## What the task requires
Starting from the line with "image for item" and going up to and including the line with "2 bed, 2.0 bath, 1119 sqft, $2,757 — Photo 3", copy the listing below exactly. Leave all images out.

## Input for this task
◇ ◇ ◇

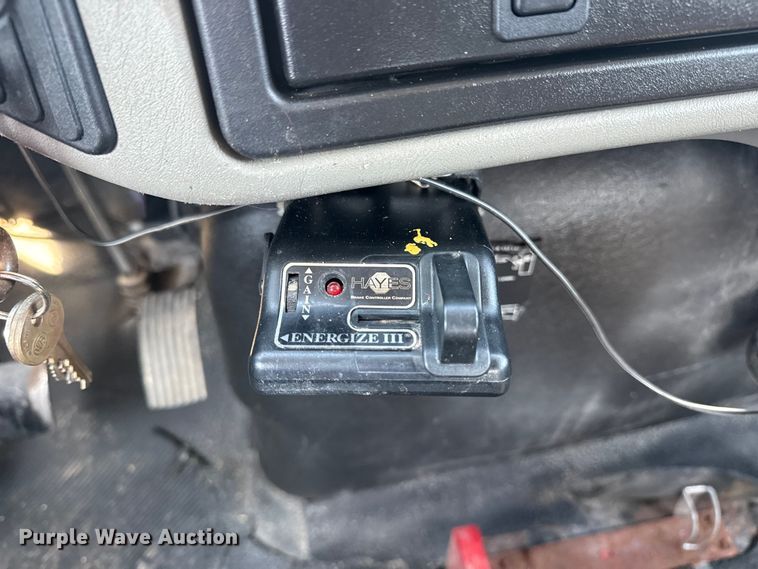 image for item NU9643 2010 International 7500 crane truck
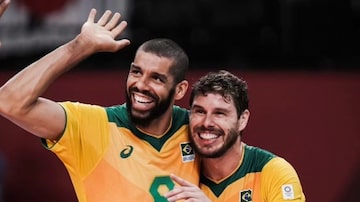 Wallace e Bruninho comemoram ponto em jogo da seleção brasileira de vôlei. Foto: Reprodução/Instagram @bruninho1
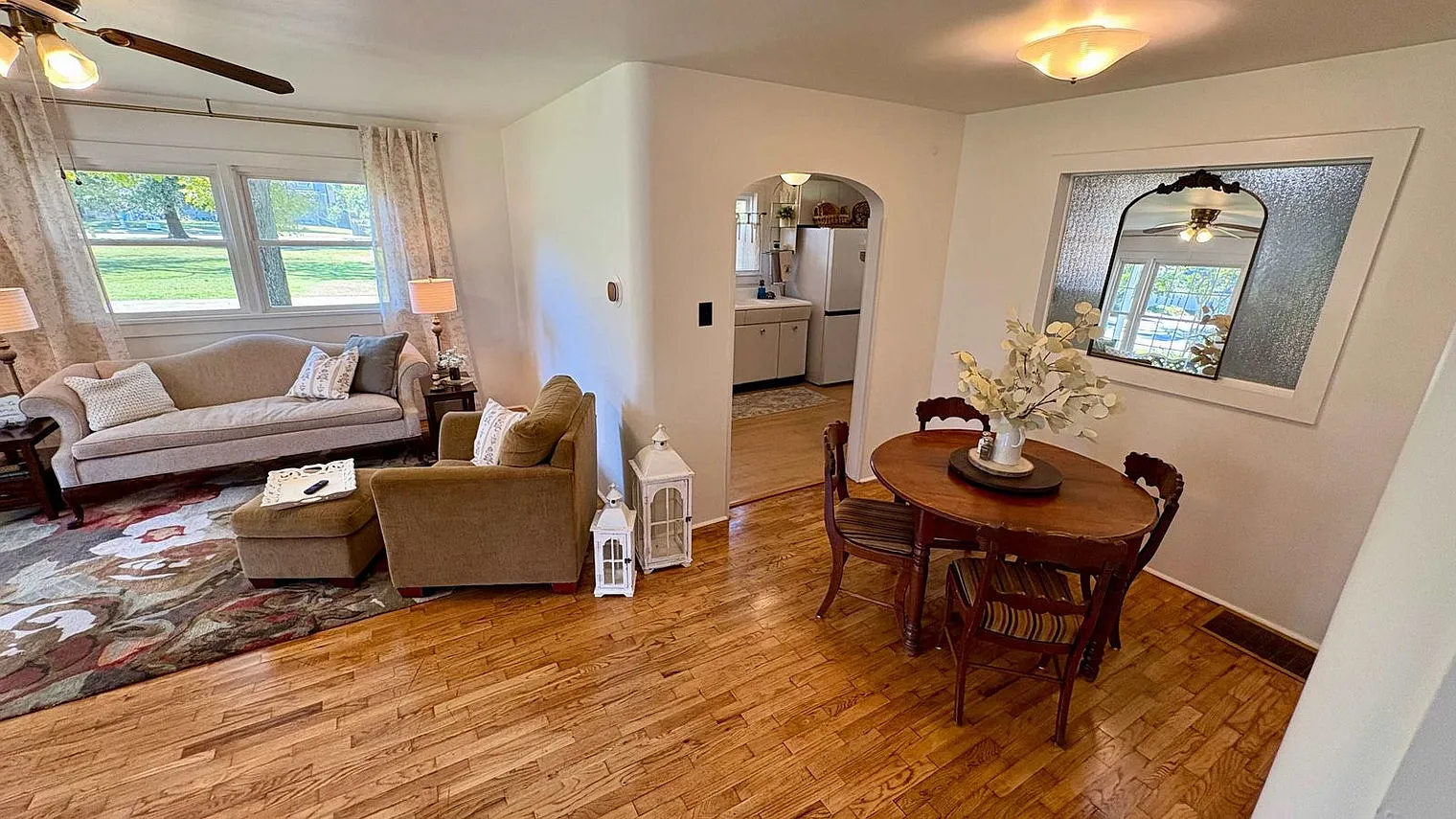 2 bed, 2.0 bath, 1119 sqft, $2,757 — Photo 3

◇ ◇ ◇

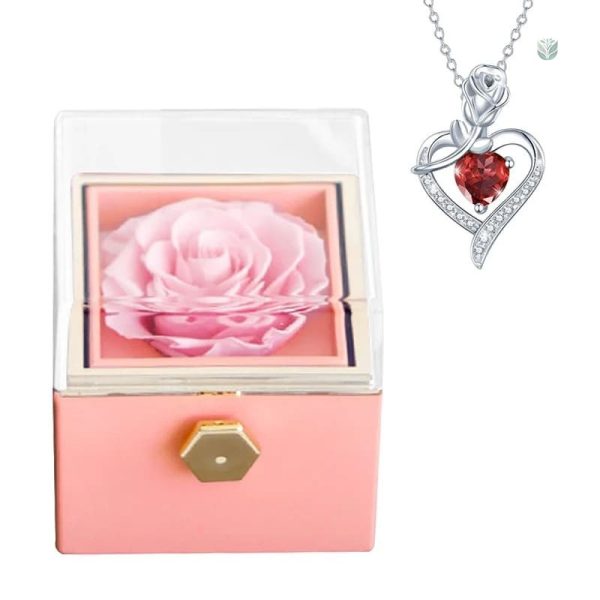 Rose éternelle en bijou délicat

◇ ◇ ◇

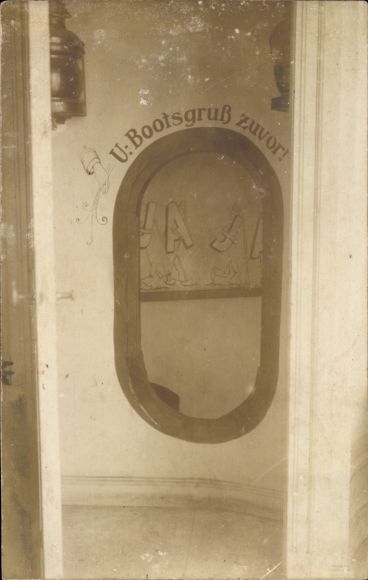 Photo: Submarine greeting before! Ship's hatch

◇ ◇ ◇

## Answer to this task
 image for item NU9643 2010 International 7500 crane truck
 Wallace e Bruninho comemoram ponto em jogo da seleção brasileira de vôlei. Foto: Reprodução/Instagram @bruninho1
 2 bed, 2.0 bath, 1119 sqft, $2,757 — Photo 3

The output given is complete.